[Data provided Boundary: Start]

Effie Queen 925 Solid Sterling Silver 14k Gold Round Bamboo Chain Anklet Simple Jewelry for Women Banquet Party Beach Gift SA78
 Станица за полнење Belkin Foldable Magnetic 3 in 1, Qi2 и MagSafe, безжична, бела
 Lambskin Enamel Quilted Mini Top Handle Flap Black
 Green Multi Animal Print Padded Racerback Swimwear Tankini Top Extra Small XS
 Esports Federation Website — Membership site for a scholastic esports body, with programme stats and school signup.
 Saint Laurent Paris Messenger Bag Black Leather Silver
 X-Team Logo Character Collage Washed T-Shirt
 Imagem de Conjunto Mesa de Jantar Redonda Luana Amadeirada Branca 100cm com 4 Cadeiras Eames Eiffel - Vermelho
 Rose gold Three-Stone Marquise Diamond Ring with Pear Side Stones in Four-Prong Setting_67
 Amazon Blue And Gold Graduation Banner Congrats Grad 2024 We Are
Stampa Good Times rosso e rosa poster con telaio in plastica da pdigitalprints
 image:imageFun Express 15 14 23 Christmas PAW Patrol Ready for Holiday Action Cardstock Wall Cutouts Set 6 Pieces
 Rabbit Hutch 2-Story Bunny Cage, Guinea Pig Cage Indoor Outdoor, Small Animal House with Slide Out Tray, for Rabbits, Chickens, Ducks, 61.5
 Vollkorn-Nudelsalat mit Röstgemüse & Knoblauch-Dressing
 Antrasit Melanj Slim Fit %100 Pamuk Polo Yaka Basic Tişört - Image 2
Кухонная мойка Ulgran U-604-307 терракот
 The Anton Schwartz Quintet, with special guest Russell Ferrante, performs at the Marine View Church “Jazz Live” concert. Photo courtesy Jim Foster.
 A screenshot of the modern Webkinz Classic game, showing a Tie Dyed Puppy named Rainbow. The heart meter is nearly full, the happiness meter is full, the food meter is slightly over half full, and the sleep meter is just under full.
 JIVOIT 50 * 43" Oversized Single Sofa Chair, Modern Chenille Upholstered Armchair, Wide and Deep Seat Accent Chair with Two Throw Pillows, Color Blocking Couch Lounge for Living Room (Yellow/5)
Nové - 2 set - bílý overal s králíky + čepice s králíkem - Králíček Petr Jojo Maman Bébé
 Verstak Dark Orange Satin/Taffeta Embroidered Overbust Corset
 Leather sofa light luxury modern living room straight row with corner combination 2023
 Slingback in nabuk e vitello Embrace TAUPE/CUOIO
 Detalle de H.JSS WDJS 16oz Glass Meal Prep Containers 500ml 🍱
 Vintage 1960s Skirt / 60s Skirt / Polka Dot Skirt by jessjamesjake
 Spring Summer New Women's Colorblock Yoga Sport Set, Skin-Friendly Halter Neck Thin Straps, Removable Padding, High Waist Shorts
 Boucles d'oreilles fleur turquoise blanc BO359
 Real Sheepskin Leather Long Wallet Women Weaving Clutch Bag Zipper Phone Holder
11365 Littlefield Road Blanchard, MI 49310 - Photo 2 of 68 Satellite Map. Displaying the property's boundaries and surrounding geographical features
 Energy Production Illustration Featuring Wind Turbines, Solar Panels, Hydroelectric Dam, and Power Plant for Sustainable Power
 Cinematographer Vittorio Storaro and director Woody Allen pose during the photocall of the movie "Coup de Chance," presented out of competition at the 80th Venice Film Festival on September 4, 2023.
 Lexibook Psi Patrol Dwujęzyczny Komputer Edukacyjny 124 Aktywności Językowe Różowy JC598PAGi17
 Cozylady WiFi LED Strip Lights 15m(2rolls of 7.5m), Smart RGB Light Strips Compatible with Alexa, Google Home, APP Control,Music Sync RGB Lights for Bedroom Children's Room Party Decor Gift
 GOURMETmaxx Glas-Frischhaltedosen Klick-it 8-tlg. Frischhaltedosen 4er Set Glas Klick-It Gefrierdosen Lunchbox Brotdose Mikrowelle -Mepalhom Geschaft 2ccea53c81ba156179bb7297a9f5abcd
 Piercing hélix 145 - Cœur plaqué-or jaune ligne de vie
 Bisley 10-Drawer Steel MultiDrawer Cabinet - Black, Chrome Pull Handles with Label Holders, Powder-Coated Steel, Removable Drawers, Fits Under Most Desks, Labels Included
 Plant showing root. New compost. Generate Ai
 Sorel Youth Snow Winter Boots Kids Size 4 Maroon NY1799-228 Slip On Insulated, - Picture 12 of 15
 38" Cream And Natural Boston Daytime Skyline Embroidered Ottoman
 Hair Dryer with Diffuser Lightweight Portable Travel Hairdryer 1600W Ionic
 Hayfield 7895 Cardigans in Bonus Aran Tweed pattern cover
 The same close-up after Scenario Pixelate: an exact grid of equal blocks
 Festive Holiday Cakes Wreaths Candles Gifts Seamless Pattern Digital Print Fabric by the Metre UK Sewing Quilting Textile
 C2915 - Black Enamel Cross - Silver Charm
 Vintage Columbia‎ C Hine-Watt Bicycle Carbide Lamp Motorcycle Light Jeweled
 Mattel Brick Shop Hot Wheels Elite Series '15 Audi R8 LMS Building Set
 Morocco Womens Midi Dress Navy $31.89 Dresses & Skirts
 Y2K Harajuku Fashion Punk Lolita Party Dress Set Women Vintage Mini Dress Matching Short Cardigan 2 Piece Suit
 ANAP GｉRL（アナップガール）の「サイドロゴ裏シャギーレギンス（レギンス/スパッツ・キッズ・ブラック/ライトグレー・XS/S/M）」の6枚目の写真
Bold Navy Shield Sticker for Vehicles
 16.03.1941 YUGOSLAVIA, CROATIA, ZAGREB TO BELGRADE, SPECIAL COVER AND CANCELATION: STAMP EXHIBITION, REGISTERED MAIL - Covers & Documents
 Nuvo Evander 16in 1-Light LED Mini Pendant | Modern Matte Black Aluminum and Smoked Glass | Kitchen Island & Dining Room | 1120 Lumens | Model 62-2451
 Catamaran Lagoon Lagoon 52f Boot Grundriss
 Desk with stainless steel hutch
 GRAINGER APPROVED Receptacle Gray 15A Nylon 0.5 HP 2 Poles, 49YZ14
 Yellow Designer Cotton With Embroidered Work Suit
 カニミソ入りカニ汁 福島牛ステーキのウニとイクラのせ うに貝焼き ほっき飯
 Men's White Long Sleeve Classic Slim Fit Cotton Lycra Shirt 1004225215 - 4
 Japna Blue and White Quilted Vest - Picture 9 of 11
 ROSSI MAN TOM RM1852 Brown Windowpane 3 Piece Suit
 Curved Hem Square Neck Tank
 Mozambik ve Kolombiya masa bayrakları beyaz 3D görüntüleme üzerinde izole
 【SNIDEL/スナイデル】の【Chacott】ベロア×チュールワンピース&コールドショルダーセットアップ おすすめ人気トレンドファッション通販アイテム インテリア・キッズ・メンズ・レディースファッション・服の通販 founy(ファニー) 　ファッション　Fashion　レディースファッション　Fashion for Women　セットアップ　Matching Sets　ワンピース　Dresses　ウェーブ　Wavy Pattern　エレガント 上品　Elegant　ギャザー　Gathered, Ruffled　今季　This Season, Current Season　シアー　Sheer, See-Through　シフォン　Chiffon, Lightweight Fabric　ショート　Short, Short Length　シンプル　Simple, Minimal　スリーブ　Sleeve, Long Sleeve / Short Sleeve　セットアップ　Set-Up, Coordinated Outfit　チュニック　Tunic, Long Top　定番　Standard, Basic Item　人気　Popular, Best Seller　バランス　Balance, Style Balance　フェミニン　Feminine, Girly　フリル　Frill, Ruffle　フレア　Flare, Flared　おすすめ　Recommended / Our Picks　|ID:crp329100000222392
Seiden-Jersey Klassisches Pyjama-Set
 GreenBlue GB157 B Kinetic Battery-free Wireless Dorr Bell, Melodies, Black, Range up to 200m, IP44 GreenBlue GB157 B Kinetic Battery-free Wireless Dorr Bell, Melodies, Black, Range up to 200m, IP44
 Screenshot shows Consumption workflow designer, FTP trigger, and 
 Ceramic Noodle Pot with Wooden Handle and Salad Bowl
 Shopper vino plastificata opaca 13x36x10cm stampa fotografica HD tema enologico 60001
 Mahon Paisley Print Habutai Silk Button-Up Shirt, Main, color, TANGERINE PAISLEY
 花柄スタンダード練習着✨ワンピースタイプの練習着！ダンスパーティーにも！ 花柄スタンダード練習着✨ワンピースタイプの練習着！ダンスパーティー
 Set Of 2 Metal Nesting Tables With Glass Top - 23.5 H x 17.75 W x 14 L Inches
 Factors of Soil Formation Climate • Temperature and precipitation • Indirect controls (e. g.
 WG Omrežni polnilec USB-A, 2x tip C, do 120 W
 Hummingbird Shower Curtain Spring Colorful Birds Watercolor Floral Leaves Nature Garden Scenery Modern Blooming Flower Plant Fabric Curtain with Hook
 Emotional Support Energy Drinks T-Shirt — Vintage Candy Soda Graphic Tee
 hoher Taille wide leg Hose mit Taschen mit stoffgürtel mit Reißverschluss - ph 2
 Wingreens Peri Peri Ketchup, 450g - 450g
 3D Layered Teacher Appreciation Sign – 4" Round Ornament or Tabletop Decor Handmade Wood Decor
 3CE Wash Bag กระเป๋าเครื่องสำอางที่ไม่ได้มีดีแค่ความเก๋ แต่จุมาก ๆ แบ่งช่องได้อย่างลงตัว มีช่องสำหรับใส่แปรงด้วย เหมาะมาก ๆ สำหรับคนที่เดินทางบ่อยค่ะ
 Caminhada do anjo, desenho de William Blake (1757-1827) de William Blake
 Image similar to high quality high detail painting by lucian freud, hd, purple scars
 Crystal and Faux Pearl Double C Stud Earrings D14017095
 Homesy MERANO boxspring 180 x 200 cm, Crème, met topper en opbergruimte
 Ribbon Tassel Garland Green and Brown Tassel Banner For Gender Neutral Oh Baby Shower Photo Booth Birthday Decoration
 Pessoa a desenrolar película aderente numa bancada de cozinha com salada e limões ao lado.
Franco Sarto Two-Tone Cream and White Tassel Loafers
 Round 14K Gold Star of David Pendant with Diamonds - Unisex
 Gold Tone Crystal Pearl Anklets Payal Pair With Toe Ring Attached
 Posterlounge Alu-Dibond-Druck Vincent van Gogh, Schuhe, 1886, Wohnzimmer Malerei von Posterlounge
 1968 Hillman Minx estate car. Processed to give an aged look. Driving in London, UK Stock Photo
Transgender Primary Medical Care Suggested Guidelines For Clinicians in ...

[Data provided Boundary: End]

• _Your goal_:
Could you reproduce, exactly, every line above from the line with "Yellow Designer Cotton" to the line with "Mozambik ve Kolombiya", and no other line? Both ends count.

• _The completed task_:
 Yellow Designer Cotton With Embroidered Work Suit
 カニミソ入りカニ汁 福島牛ステーキのウニとイクラのせ うに貝焼き ほっき飯
 Men's White Long Sleeve Classic Slim Fit Cotton Lycra Shirt 1004225215 - 4
 Japna Blue and White Quilted Vest - Picture 9 of 11
 ROSSI MAN TOM RM1852 Brown Windowpane 3 Piece Suit
 Curved Hem Square Neck Tank
 Mozambik ve Kolombiya masa bayrakları beyaz 3D görüntüleme üzerinde izole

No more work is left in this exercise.